This is a brand new subdivision with tiny lots. A neighbor moved in three weeks ago and is watering 4x/day. (Oh, and it rained 1 1/2" this morning!) The backyard lawns are 13 ' x 48'. He is the only other house on the street and three lots away, also a bit higher. The long (48') dimension of these yards slope towards a storm water inlet three lots away. Ultimately there will be seven homes along this line, his #2, mine #5.
My yard is a perpetual bog, with continual seeping from his rear irrigation. I cannot walk across the yard without sinking. While I have sent a note to the Developer/HOA (a bank) to meet and discuss the problem, I am reading what I can about others' experience.
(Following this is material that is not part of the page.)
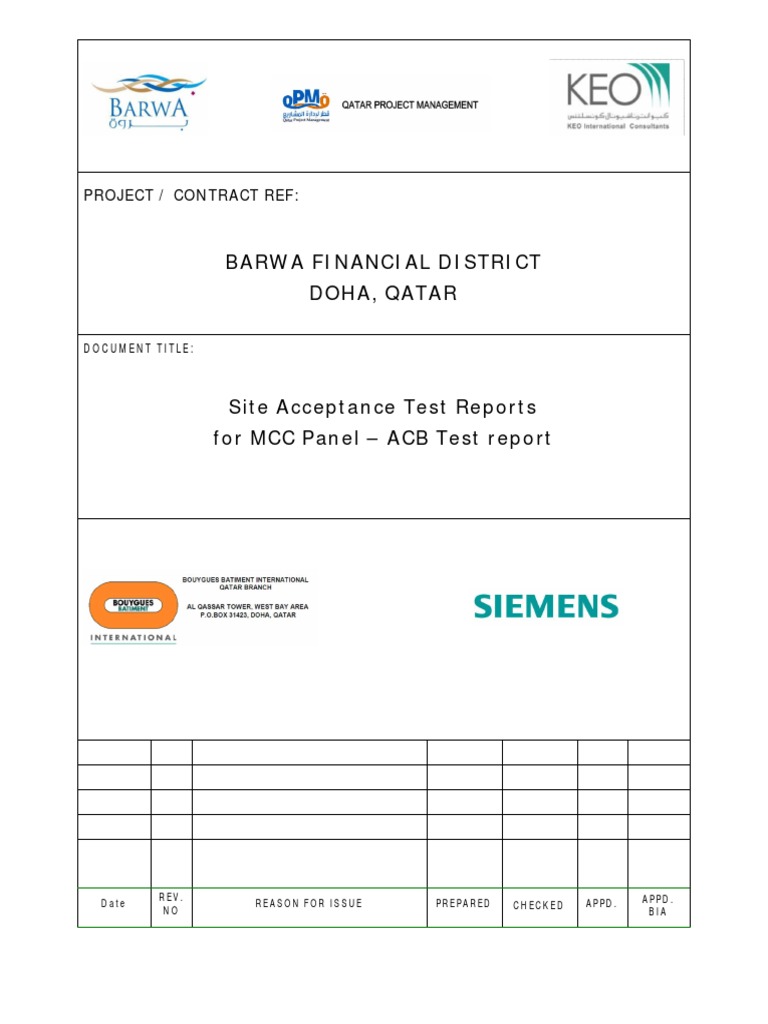 ACB Site Acceptance Test Report | PDF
The HOA rules require grass, but the mowing company cannot mow the back for several weeks now... too wet. An additional 13' of property was to be a drainage swale, but height disparity with another acreage to the rear made the developer construct a retaining wall. Now the 'swale' is in front of the wall and 6' of my little yard.
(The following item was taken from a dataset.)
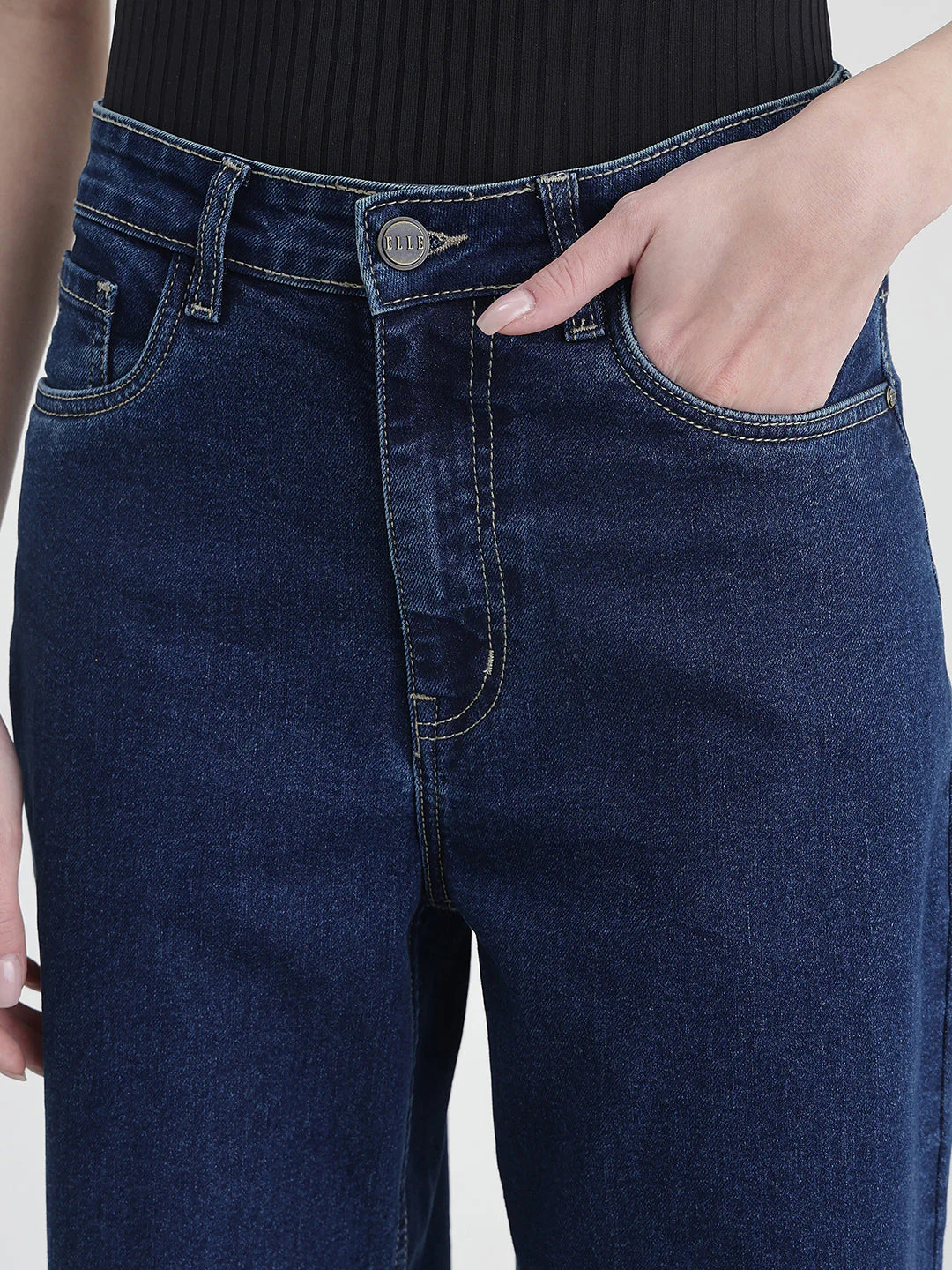 Elle Women Blue Solid Mom Fit Jeans - Image 4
I understand the law prevents obstructing the 'natural flow of water' and assume this applies to naturally occurring, ie: storm water, as in from Mother Nature. But, what does one do about man produced water flow? Can one person make another's yard un-useable? Anyone with ideas or experience?
I have only met the neighbor briefly, but have observed some of his actions across the yards. He is brusk and semi-sarcastic, seems to be someone who does as he pleases. I think the HOA 'helping' him with appropriate sprinkler settings might be better than some woman asking him to please stop flooding her yard.
If they will not take up the challenge, what next?